● Assignment: Below are records that should be duplicated exactly, with no image retained.

● Brief descriptive captions:
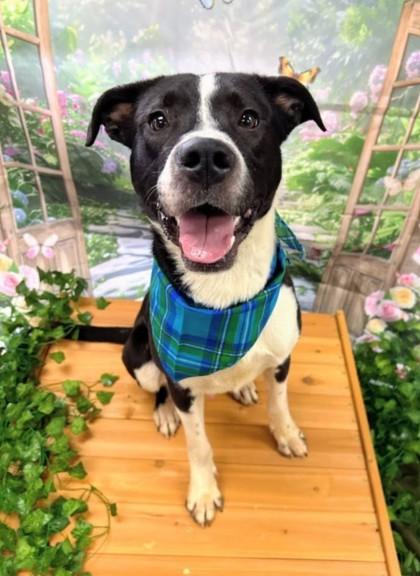 Vizzini, ADOPTABLE, Adult Male American Staffordshire Terrier.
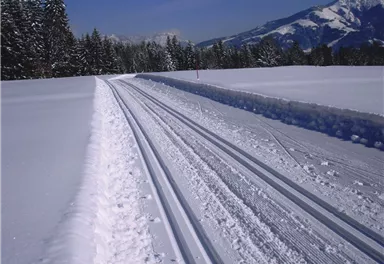 Going_Römerhof Winterrunde_Wilder Kaiser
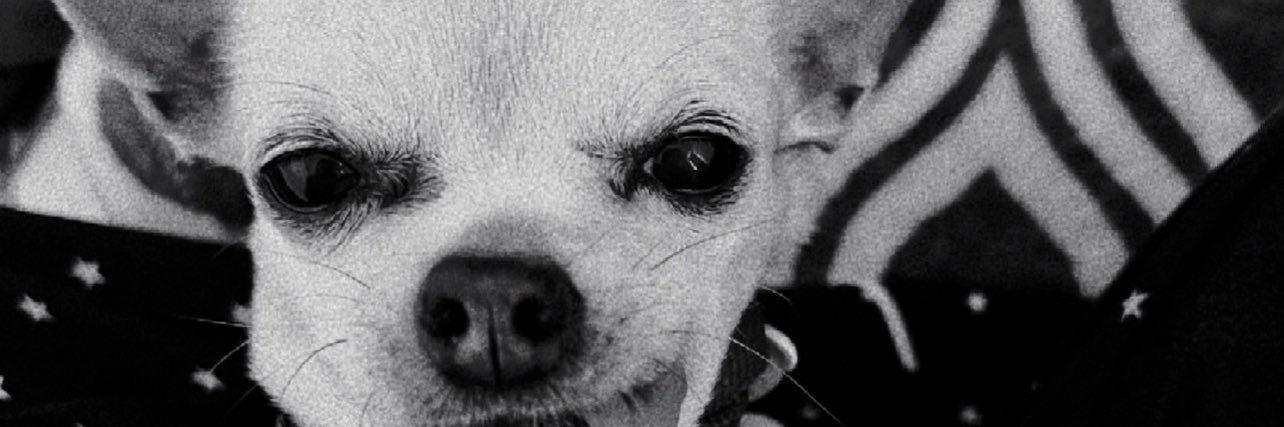 awendolin's profile banner image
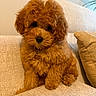 puppy, dog, apricot, curly_fur, small_dog, sitting, couch, sofa, cushion, collar, pet_tag, indoor, living_room, home, portrait, cute, fluffy, brown, plant, cozy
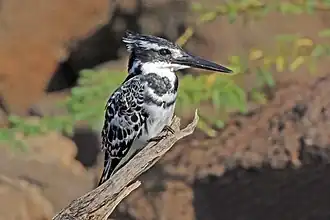 Immature male C. r. rudis Uganda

● Final answer:
 Vizzini, ADOPTABLE, Adult Male American Staffordshire Terrier.
 Going_Römerhof Winterrunde_Wilder Kaiser
 awendolin's profile banner image
 puppy, dog, apricot, curly_fur, small_dog, sitting, couch, sofa, cushion, collar, pet_tag, indoor, living_room, home, portrait, cute, fluffy, brown, plant, cozy
 Immature male C. r. rudis Uganda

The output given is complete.